» **Task objective**:
Among the entries below, the lines from the one with "American Football logo 22 Miniatura" up to and including the one with "Yaskawa SGMGV-13ADA61 Servo" are to be restated exactly, without pictures.

» **Extracted entries**:
*** Begin section ***
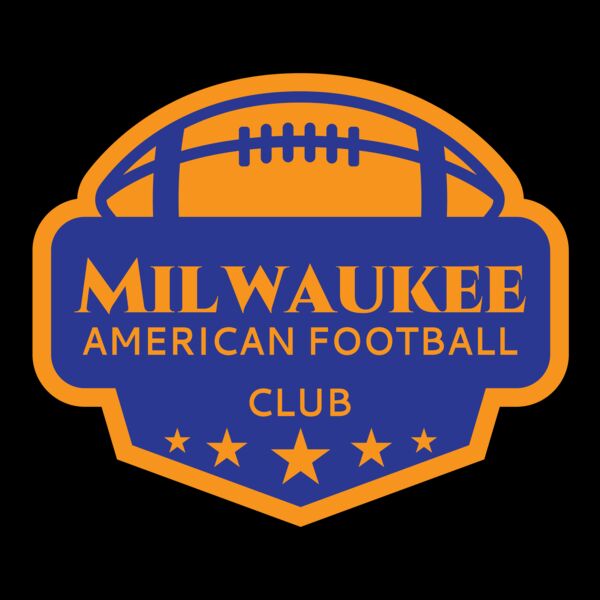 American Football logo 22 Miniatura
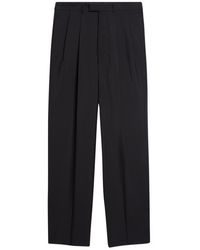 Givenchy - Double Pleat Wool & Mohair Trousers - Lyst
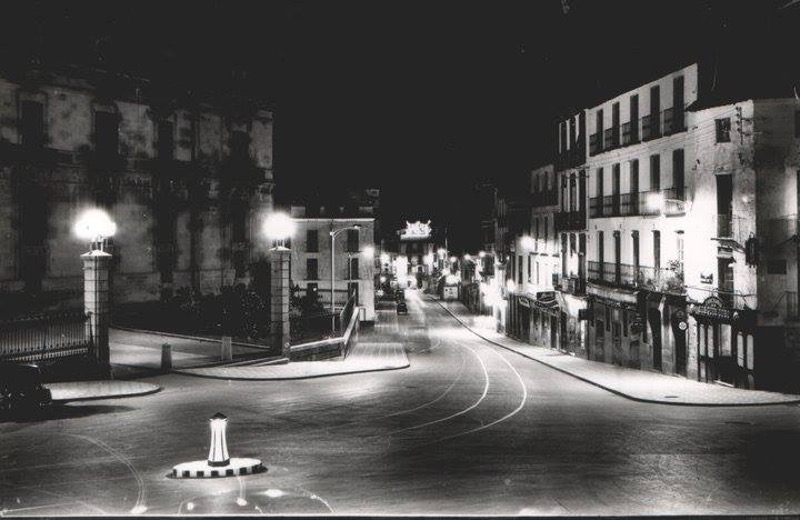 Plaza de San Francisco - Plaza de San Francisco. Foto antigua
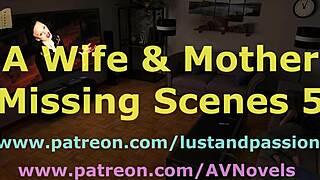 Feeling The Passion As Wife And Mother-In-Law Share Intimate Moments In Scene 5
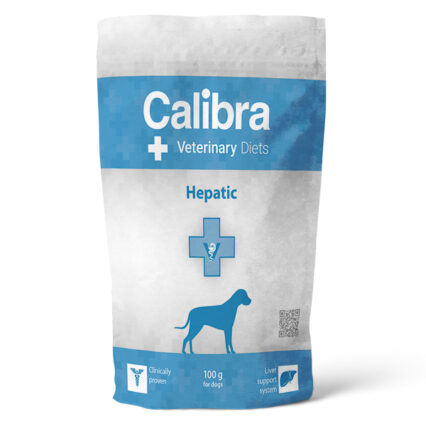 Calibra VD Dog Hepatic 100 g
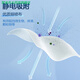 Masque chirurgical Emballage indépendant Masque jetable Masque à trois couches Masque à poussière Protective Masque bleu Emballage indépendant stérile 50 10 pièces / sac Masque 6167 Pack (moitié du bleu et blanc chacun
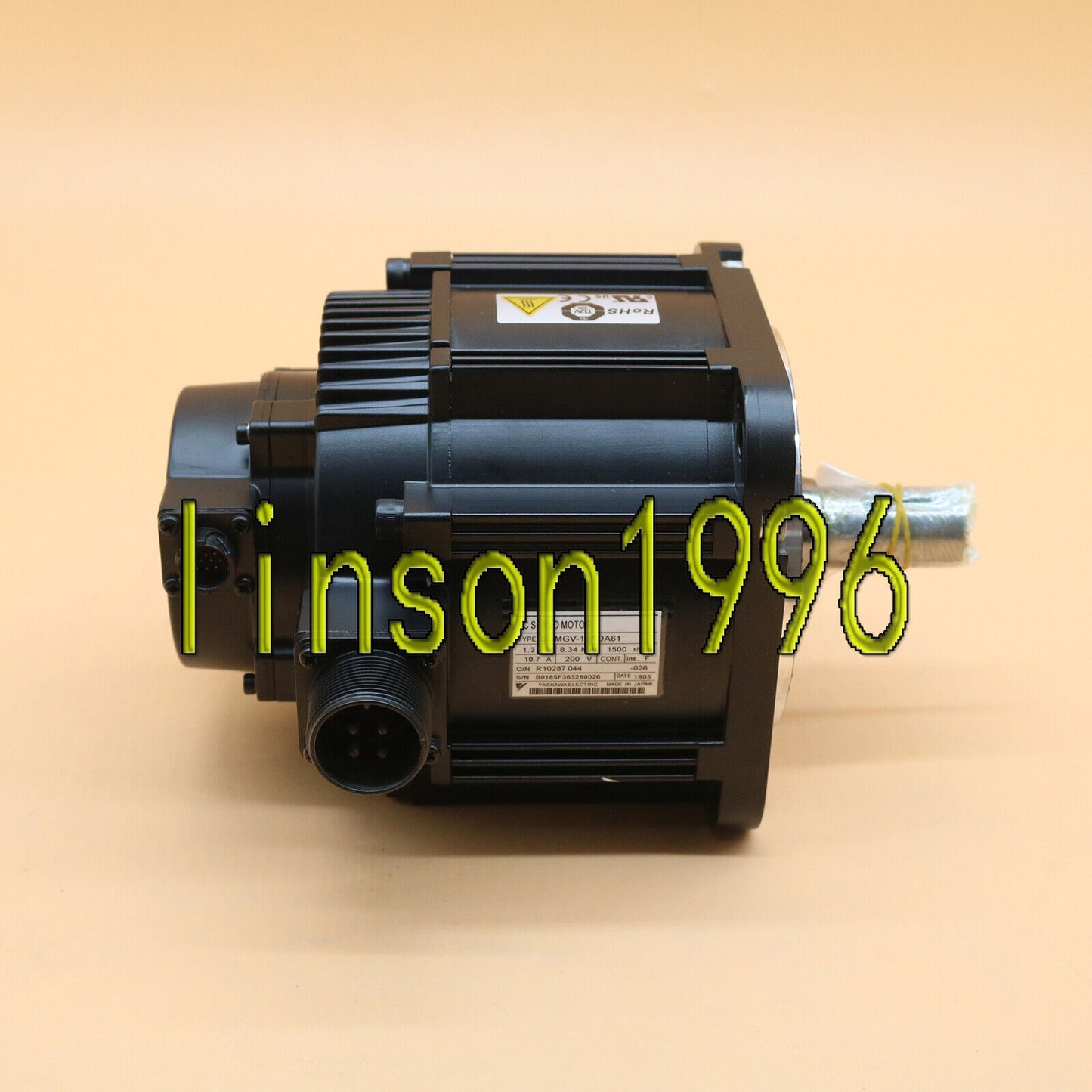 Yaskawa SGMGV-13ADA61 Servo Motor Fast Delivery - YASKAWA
*** End section ***
*** Begin section ***
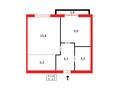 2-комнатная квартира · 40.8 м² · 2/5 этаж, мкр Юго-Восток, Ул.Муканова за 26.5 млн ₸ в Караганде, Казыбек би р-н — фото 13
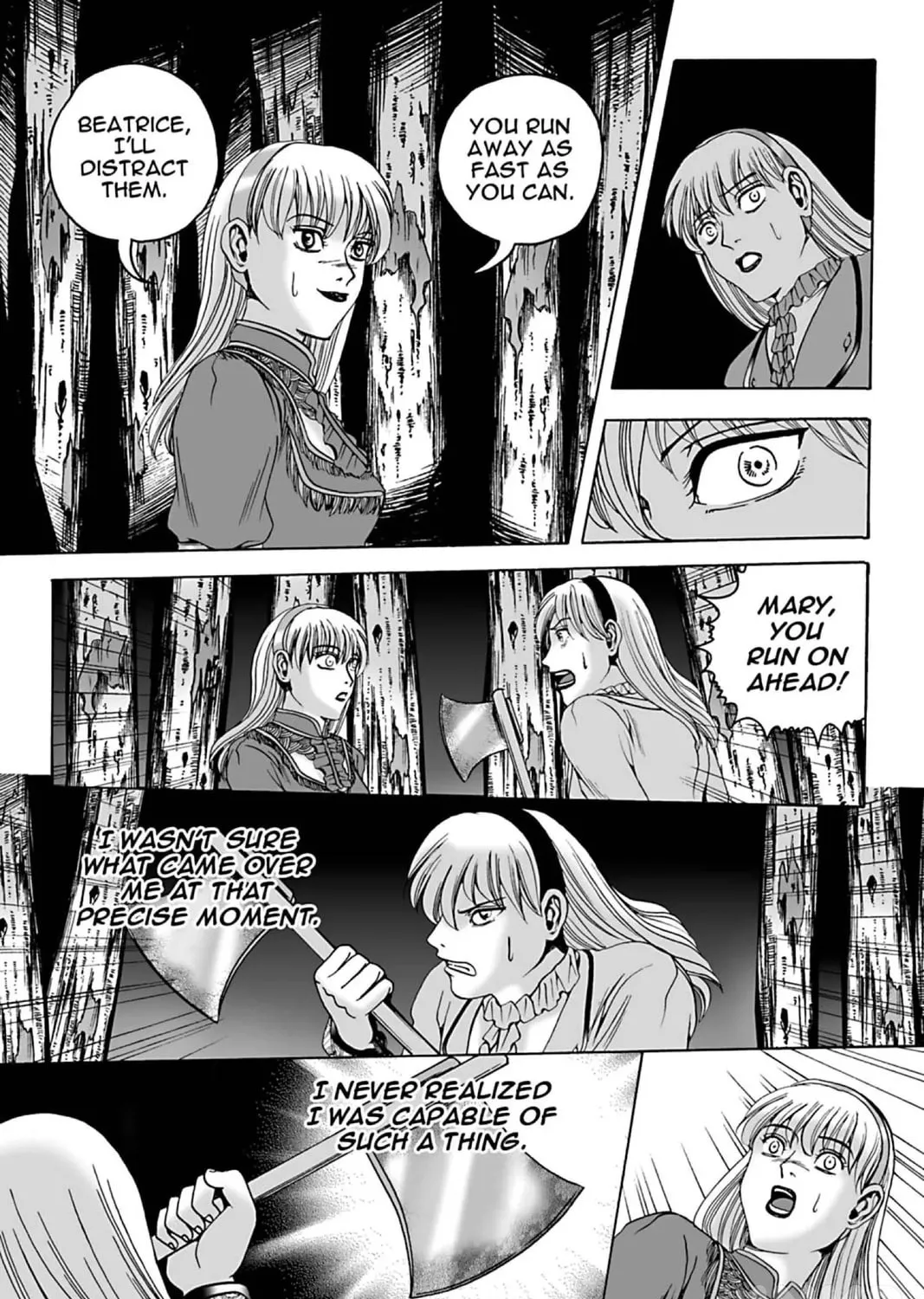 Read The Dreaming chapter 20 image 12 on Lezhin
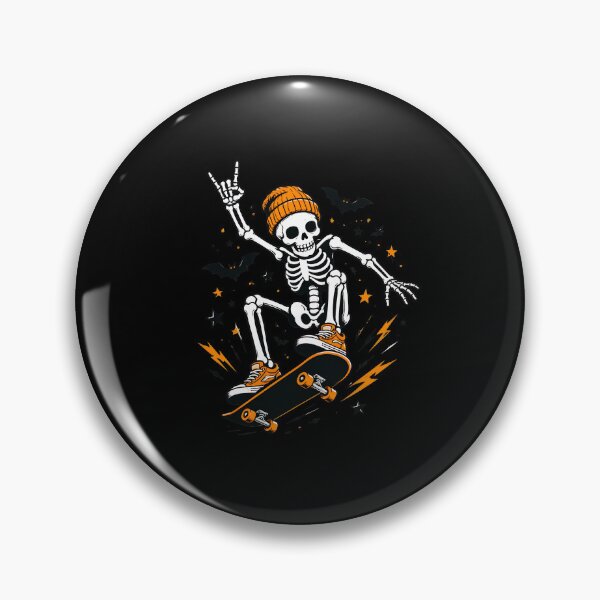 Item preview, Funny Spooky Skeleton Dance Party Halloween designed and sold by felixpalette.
*** End section ***
*** Begin section ***
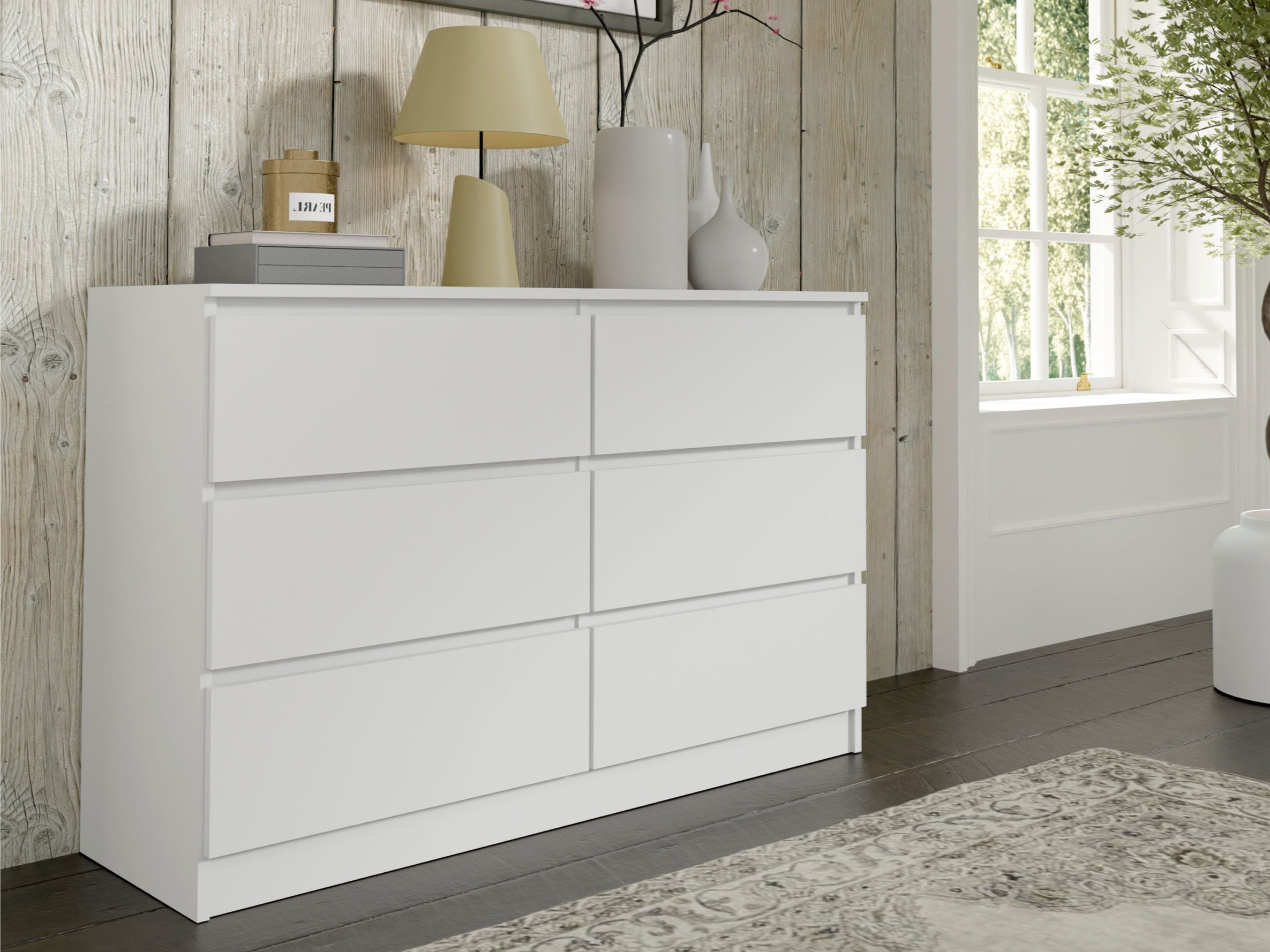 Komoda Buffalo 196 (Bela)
*** End section ***
» **Solution**:
 American Football logo 22 Miniatura
 Givenchy - Double Pleat Wool & Mohair Trousers - Lyst
 Plaza de San Francisco - Plaza de San Francisco. Foto antigua
 Feeling The Passion As Wife And Mother-In-Law Share Intimate Moments In Scene 5
 Calibra VD Dog Hepatic 100 g
 Masque chirurgical Emballage indépendant Masque jetable Masque à trois couches Masque à poussière Protective Masque bleu Emballage indépendant stérile 50 10 pièces / sac Masque 6167 Pack (moitié du bleu et blanc chacun
 Yaskawa SGMGV-13ADA61 Servo Motor Fast Delivery - YASKAWA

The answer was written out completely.